Youth. La lunga senescenza di Michael Caine

SARA PESCE 13 GIUGNO 2021

Pubblicato in: Ciao maschio. Politiche di rappresentazione del corpo maschile nel Novecento, a cura di Giacomo Albert, Giulia Carluccio, Giulia Muggeo, Antonio Pizzo, pp. 337-348. Lexix, Torino 2020.
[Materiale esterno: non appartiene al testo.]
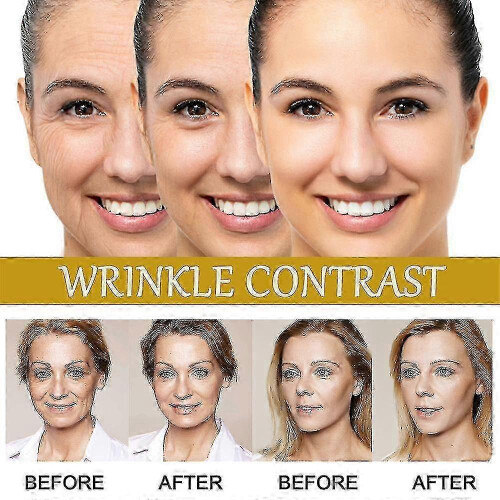 3x Advanced Bee-venom Serum Anti-aging Moisturizer for Face And Neck-- 2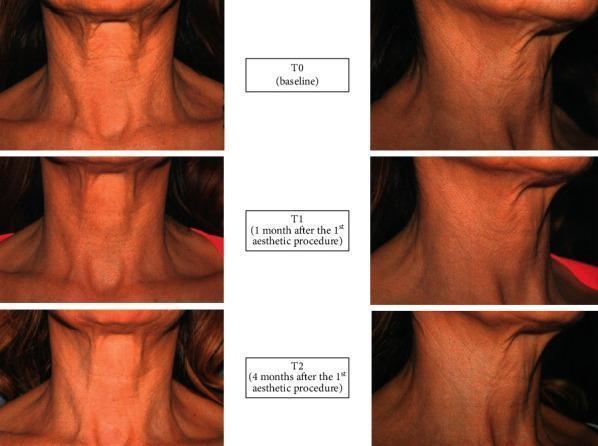一張含有 皮膚, 管風琴, 肉 的圖片 AI 產生的內容可能不正確。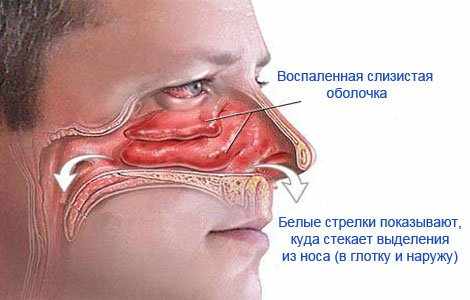 насморк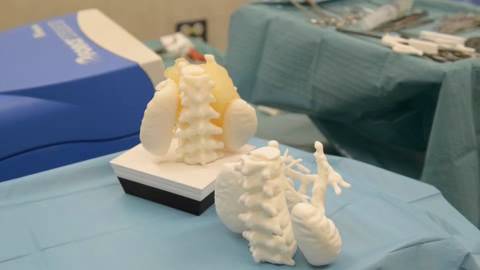 Extirpan un tumor tras ensayar con una maqueta en 3D.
Quasi un decennio fa, quando Michael Caine rieditò la propria immagine in un’autobiografia intitolata The Elephant to Hollywood, fece il suo ingresso nella terza fase della propria vicenda di Star. Già vent’anni prima aveva scritto le sue memorie (What’s it All About), in un momento in cui credeva conclusa la propria parabola divistica e dopo aver tradotto in lezioni e consigli una corposa esperienza recitativa (è del 1990 il libro Acting in Film e del 1986 la serie Acting Masterclasses per la BBC). Vari film dei tardi anni Ottanta erano stati degli insuccessi. All’età di cinquantasette anni si era stupito di ricevere la proposta di un ruolo di padre e non di amante. Si era conclusa la prima stagione del suo divismo, che lo voleva icona di vigore e individualismo, emblema di “mascolinità cool”, alla moda, capace di affermare, negli anni del maggior successo, che gli attori, insieme ai fotografi e alle modelle di moda, rappresentavano una nuova aristocrazia.
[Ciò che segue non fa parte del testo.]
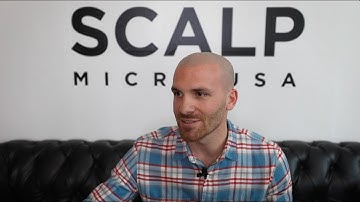 Matt’s AWESOME Scalp Micropigmentation Transformation | Scalp Micro USA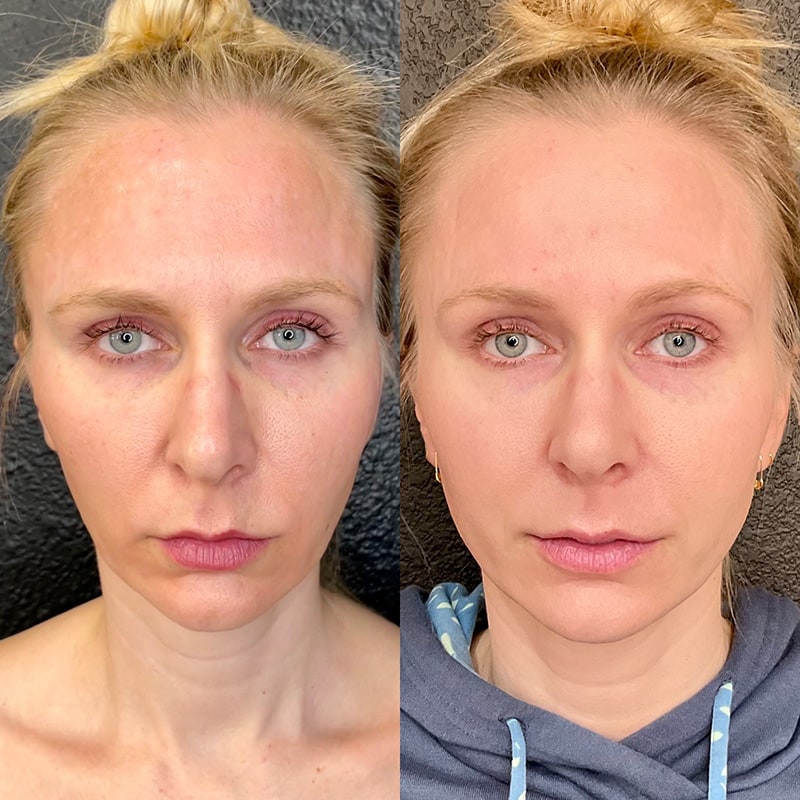 Microneedling Before & After Image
Se è vero che esiste un’età in cui la rappresentazione cinematografica della mascolinità subisce una flessione, per Caine gli effetti dell’invecchiamento si manifestano per la prima volta in un periodo storico, gli anni Novanta, in cui Hollywood mette dolorosamente in primo piano la relazione tra mascolinità, angoscia e atto performativo.